→ Problem to solve: Your copy should match the entries exactly, with no images carried over.
_ _ _
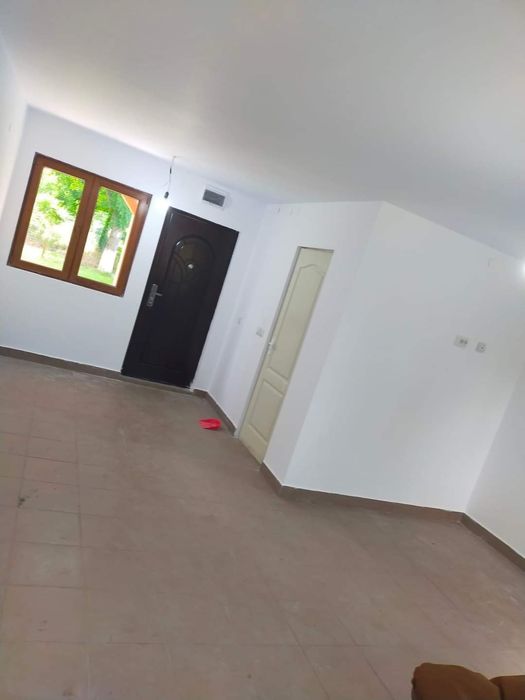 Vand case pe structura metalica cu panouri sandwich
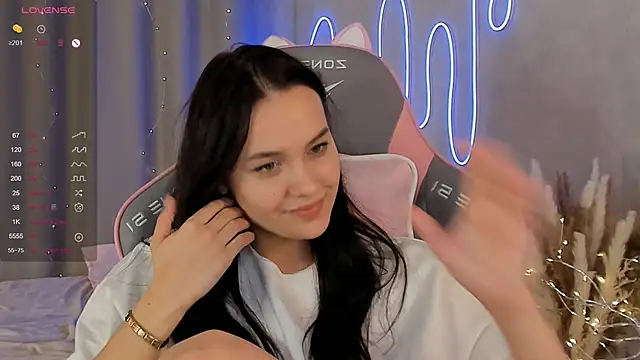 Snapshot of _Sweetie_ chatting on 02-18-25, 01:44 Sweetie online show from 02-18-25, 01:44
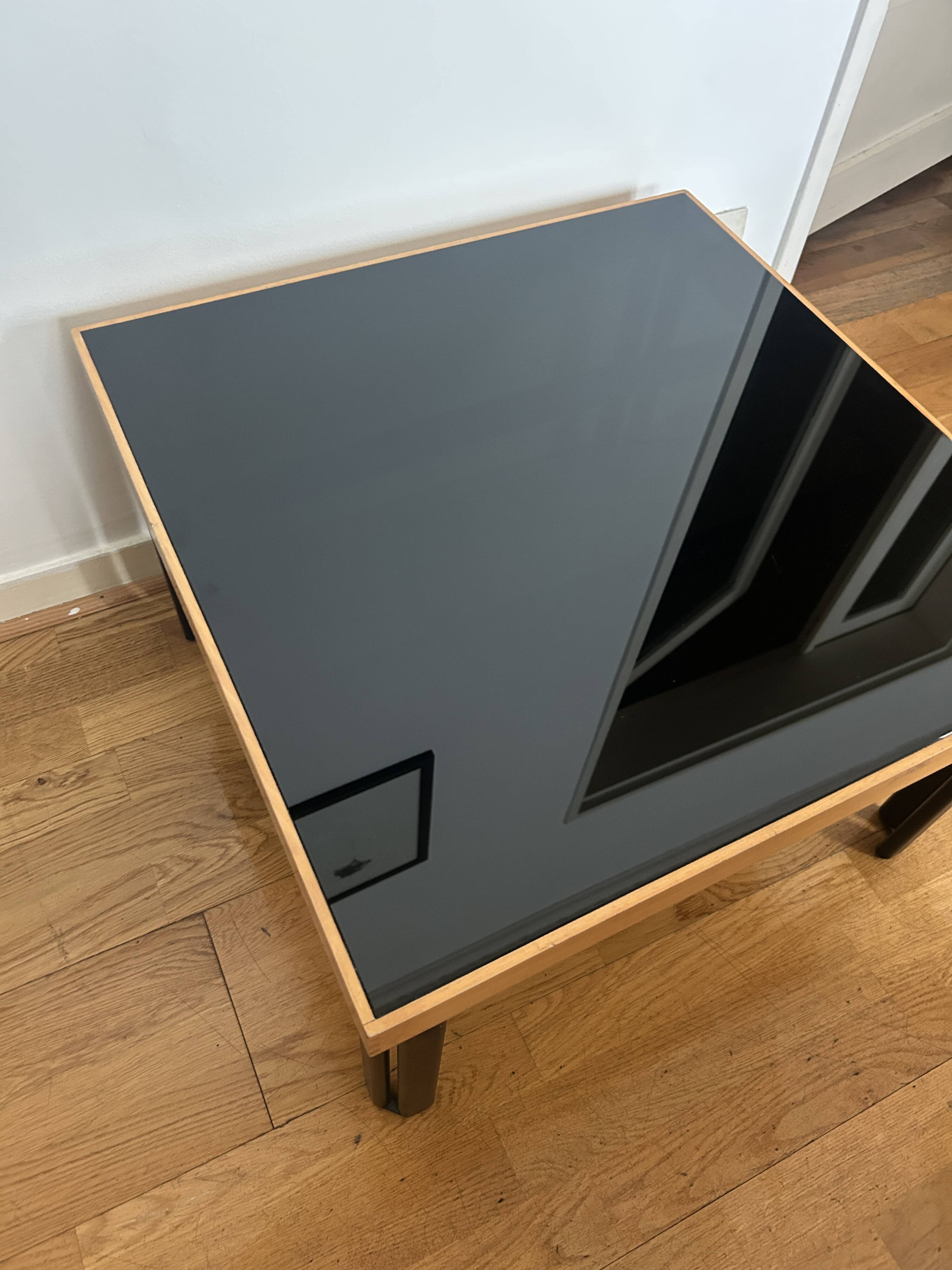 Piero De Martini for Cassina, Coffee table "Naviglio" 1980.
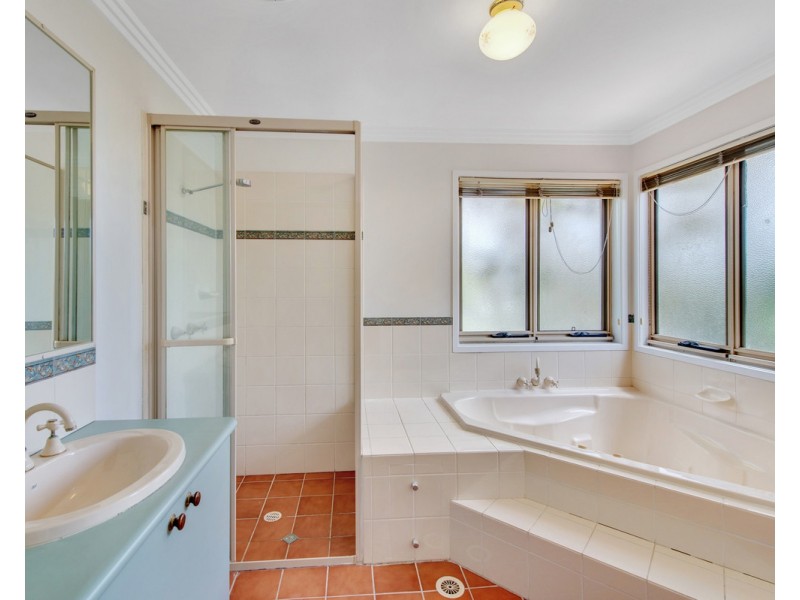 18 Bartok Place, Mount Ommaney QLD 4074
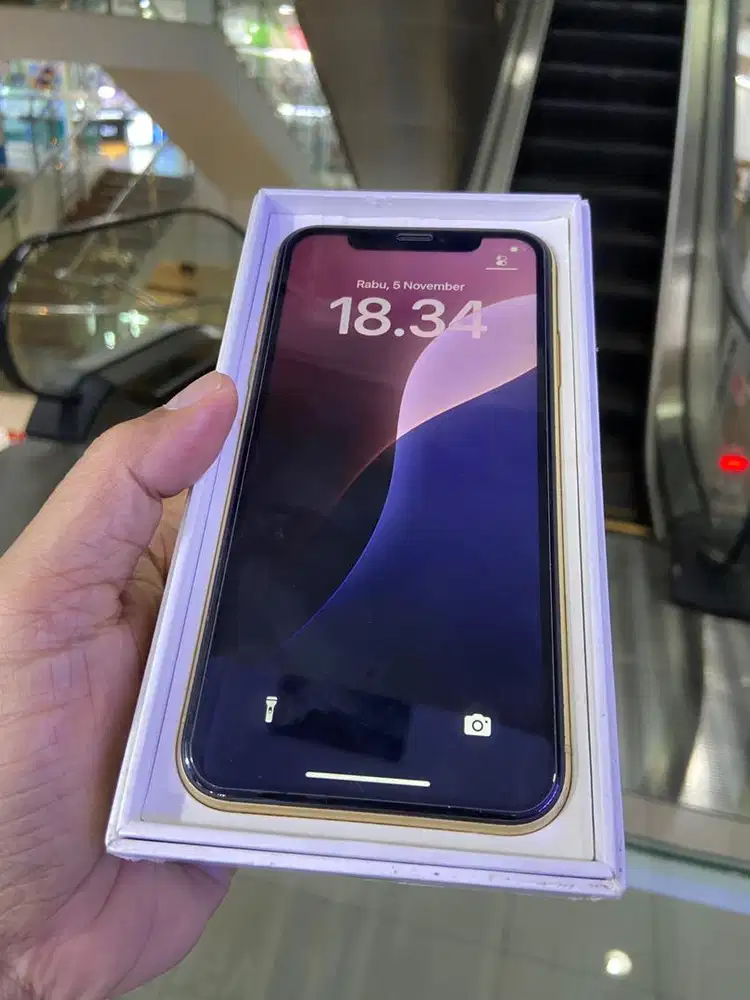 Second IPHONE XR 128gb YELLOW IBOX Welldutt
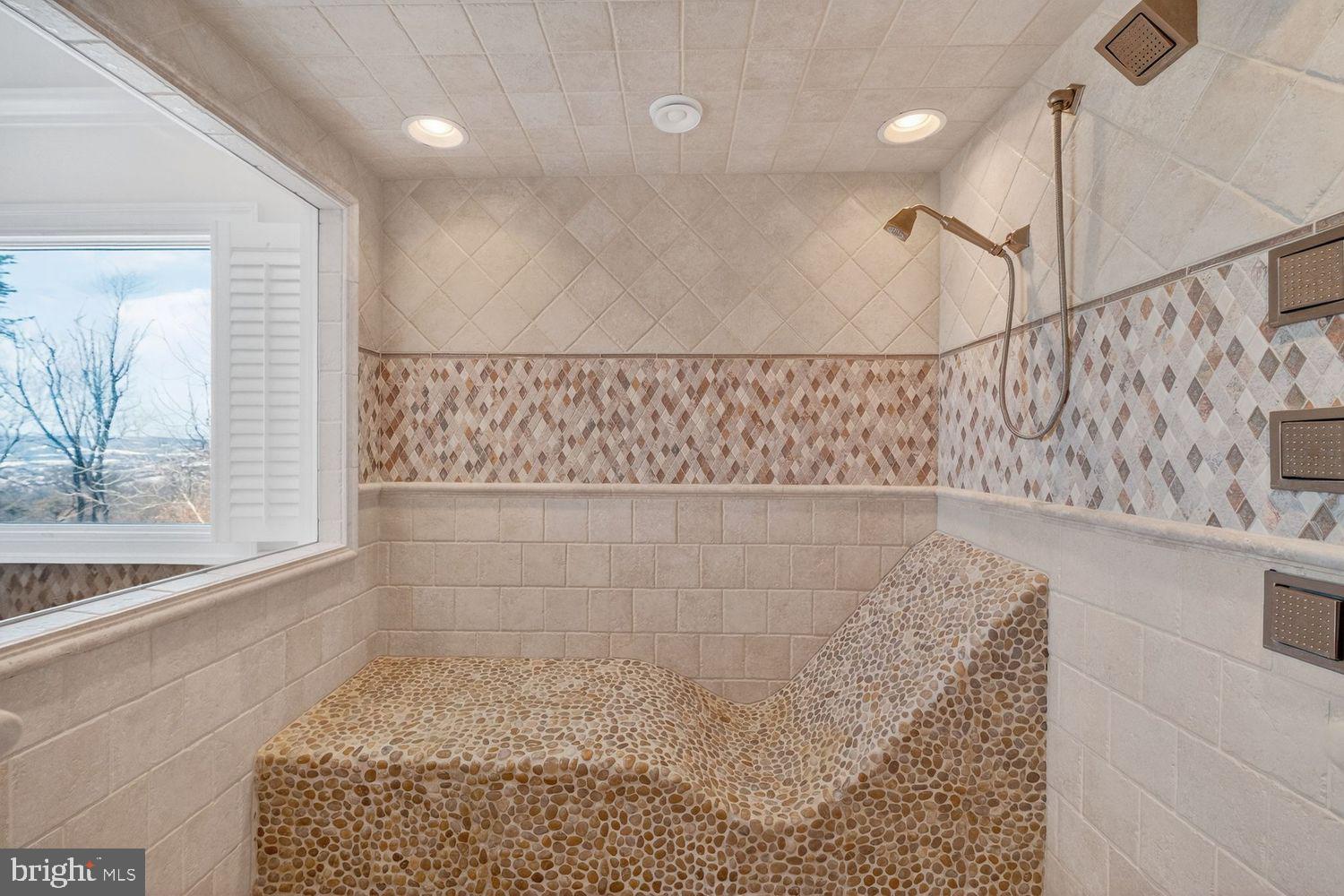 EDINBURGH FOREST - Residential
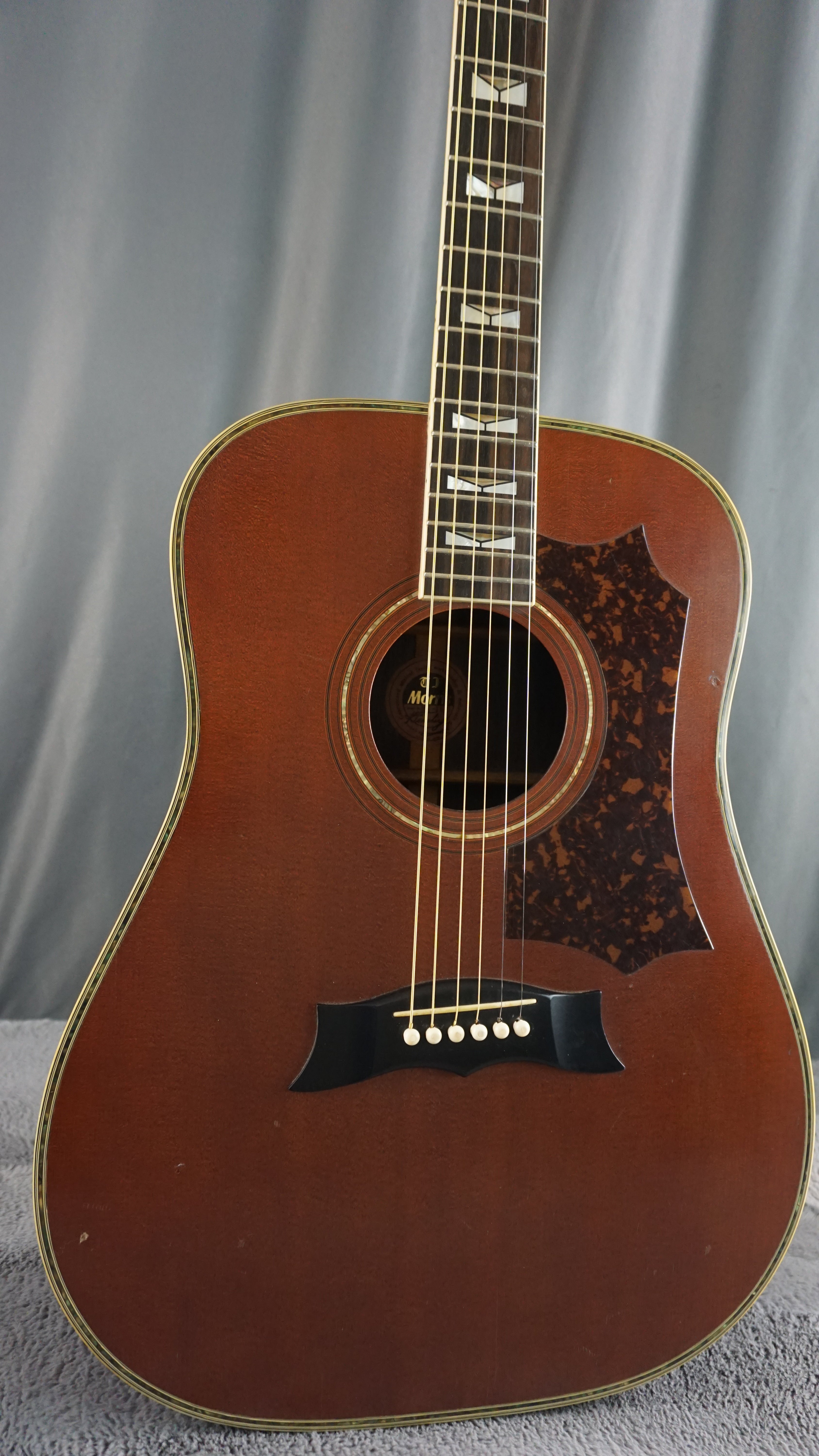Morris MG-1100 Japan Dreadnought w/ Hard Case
_ _ _
→ Answer to the problem:
 Vand case pe structura metalica cu panouri sandwich
 Snapshot of _Sweetie_ chatting on 02-18-25, 01:44 Sweetie online show from 02-18-25, 01:44
 Piero De Martini for Cassina, Coffee table "Naviglio" 1980.
 18 Bartok Place, Mount Ommaney QLD 4074
 Second IPHONE XR 128gb YELLOW IBOX Welldutt
 EDINBURGH FOREST - Residential
Morris MG-1100 Japan Dreadnought w/ Hard Case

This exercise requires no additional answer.